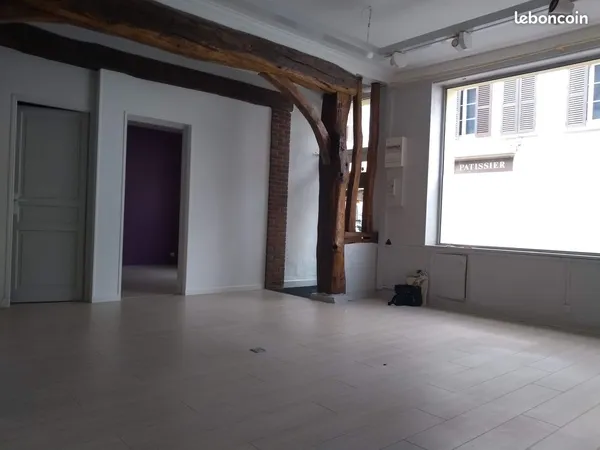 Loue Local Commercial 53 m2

● ● ● ● ●

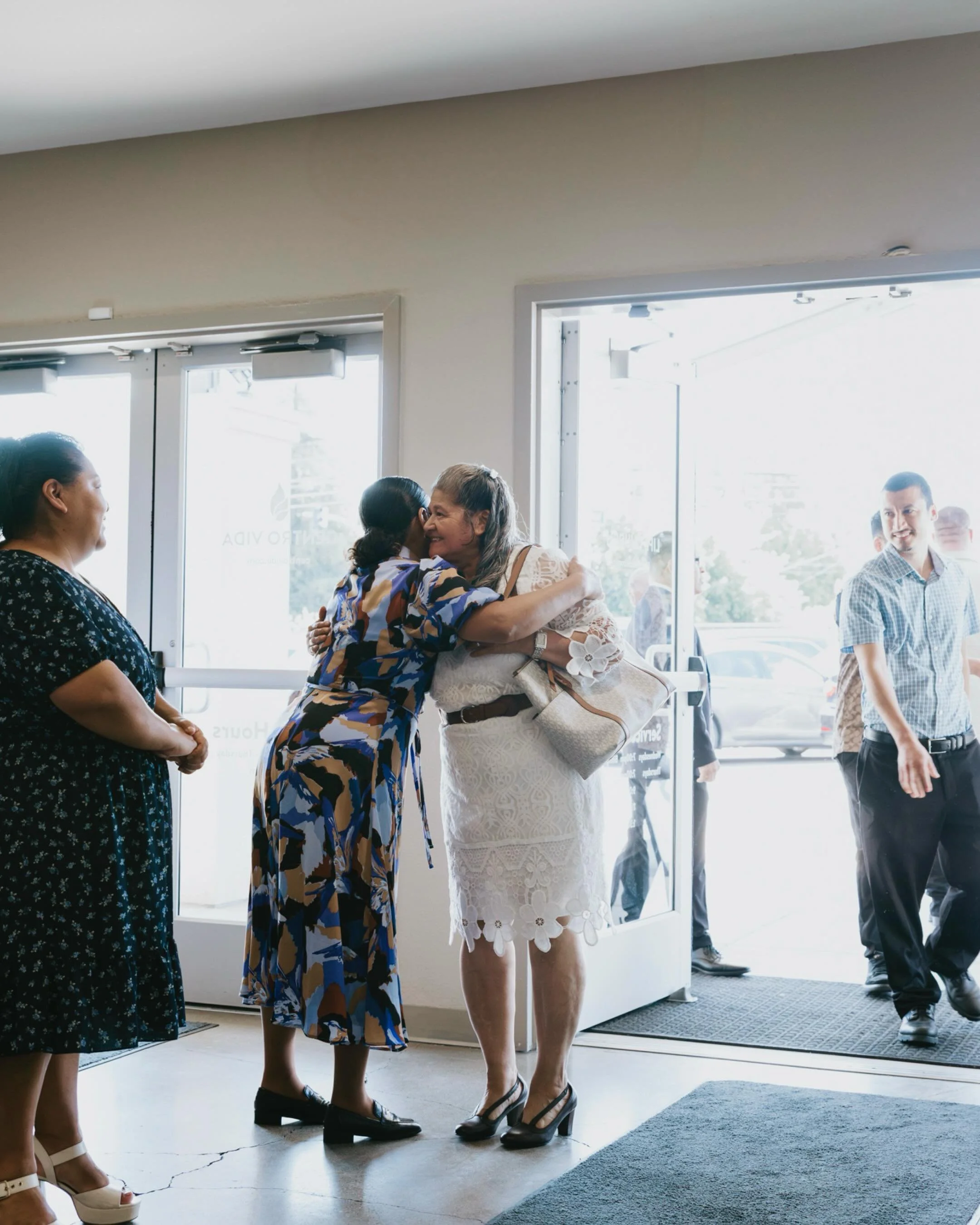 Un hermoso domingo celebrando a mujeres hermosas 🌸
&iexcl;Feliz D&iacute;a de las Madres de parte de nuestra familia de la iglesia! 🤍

● ● ● ● ●

* _Task details_
Because only one stretch of the records is wanted, please output the lines from the one holding "Un hermoso domingo" through the one holding "la iglesia! 🤍" exactly, both included, and leave every picture out.

* _Task response_
 Un hermoso domingo celebrando a mujeres hermosas 🌸
&iexcl;Feliz D&iacute;a de las Madres de parte de nuestra familia de la iglesia! 🤍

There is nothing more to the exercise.